Right now, it doesn't look as if the public will get much of a spectacle out of the NSP case. The utility abruptly and unilaterally terminated the Prairie Island Coalition's discovery in January, saying the allotted time had run out. Magistrate Noel rejected that idea and slapped the utility with a $2,000 fine. Yet by March, NSP won a ruling from U.S. District Court Judge James Rosenbaum that even the possibility of a settlement made further discovery "moot." The coalition, he said, couldn't even get documents NSP had been ordered to release almost a year before. The group is fighting that ruling in the Eighth District Court of Appeals.

Even without the 14,000-or-so pages it's still trying to get, the coalition has its work cut out. Most of its 60,000-page cache has yet to be reviewed in any detail; a troupe of volunteers expect to be at it for at least the rest of the year.
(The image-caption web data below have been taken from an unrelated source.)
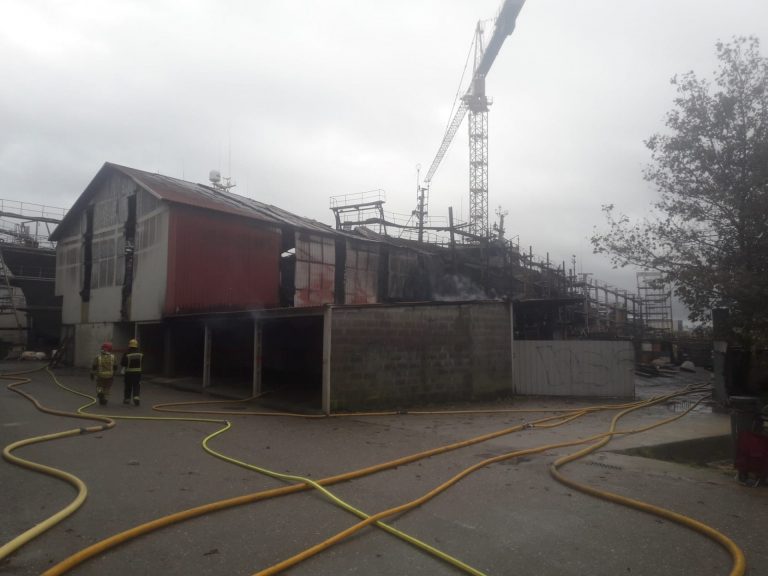 Concluyen las labores de extinción del incendio que se propagó en un astillero de Pontevedra con tres barcos dentro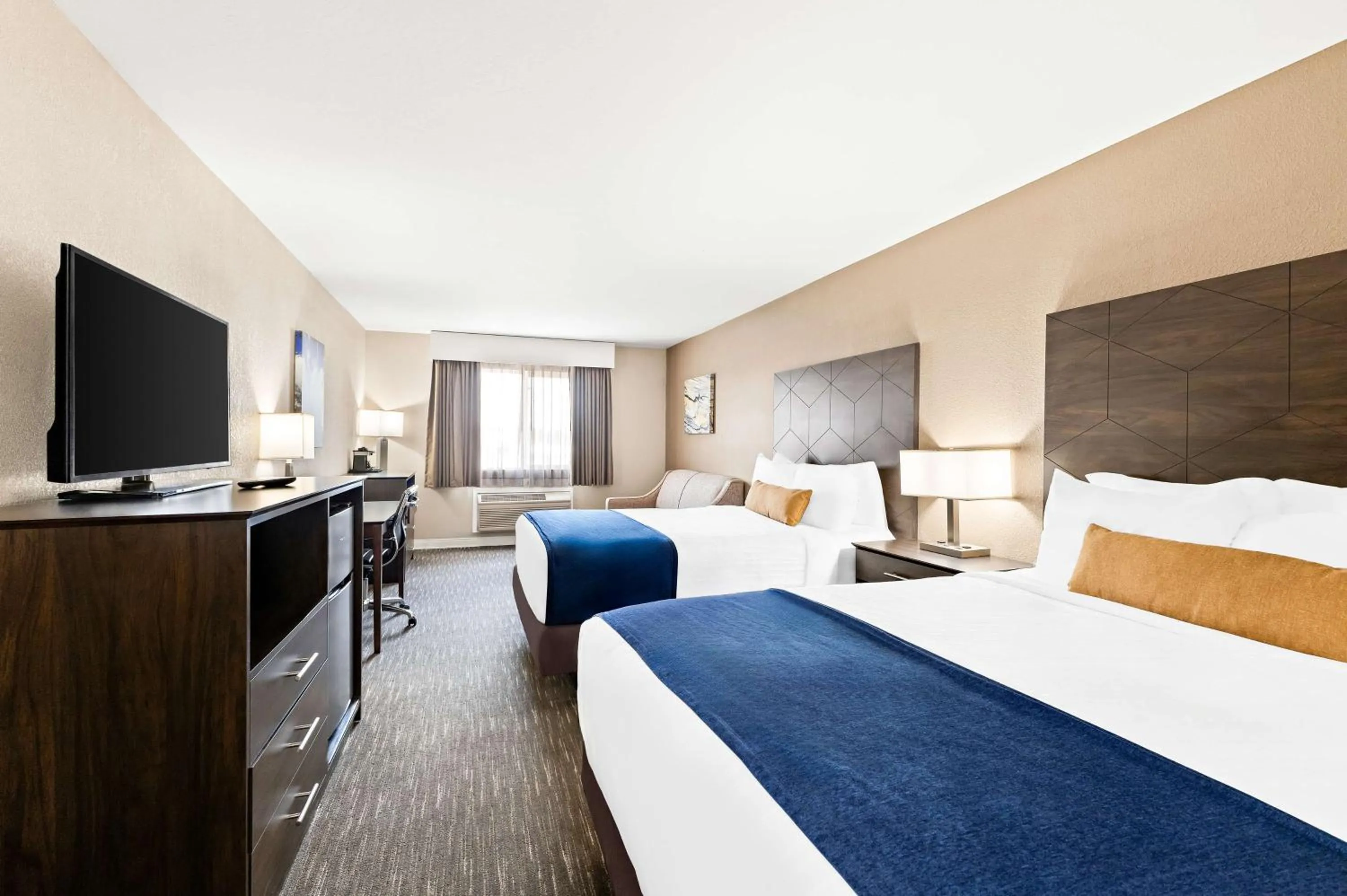 Family Queen Suite with Two Queen Beds and Sofa Bed - Non-Smoking in Best Western Snowflake Inn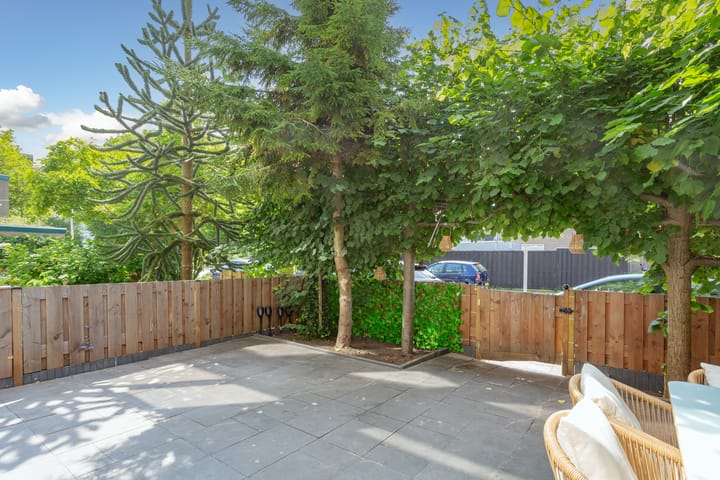 Photo 40 of Pinksterbloemweg 95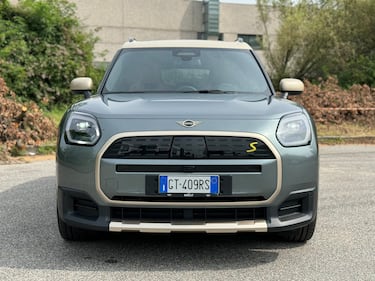 MINI Countryman SE ALL4: guarda la gallery del crossover elettrico da 313 CV 4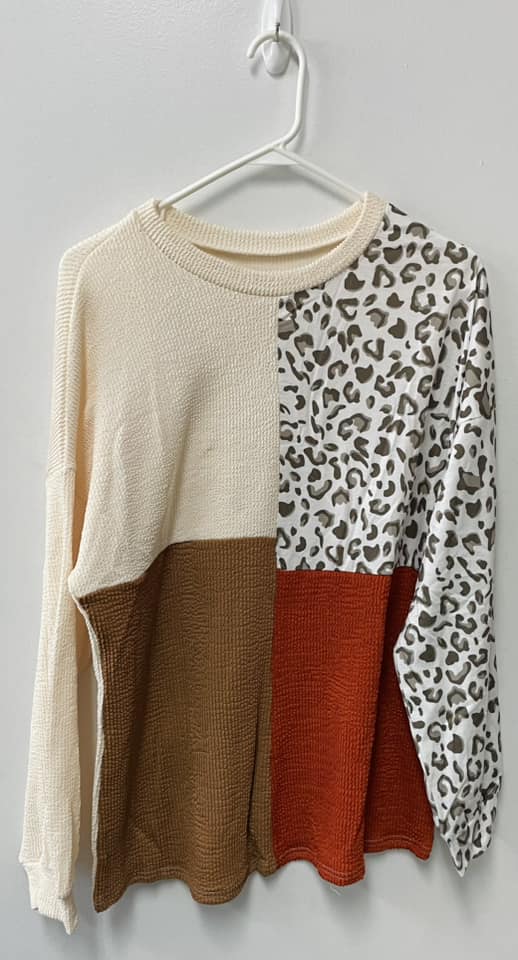 LARGE ʀᴇᴀᴅʏ ᴛᴏ ꜱʜɪᴘ! Women's Colorblock Sweater (Caramel)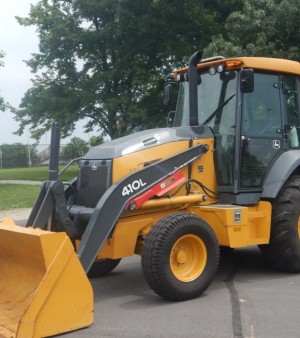 2015 John Deere 410L backhoe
It's hard to say what they'll find. Many of the documents reviewed so far are highly technical and routine in nature, day-to-day notations of industrial practice. Two years in, Drew says he's only beginning to see the outlines of a bigger picture. "The overwhelming sense you get is of a huge industry dealing with a very dangerous technology which they're working very hard to keep from going awry--and at the same time working very hard to keep the public from knowing that they have to work so hard to keep it from going awry. And I wonder when it's going to catch up with them. I think it'll be during my lifetime." He's 72.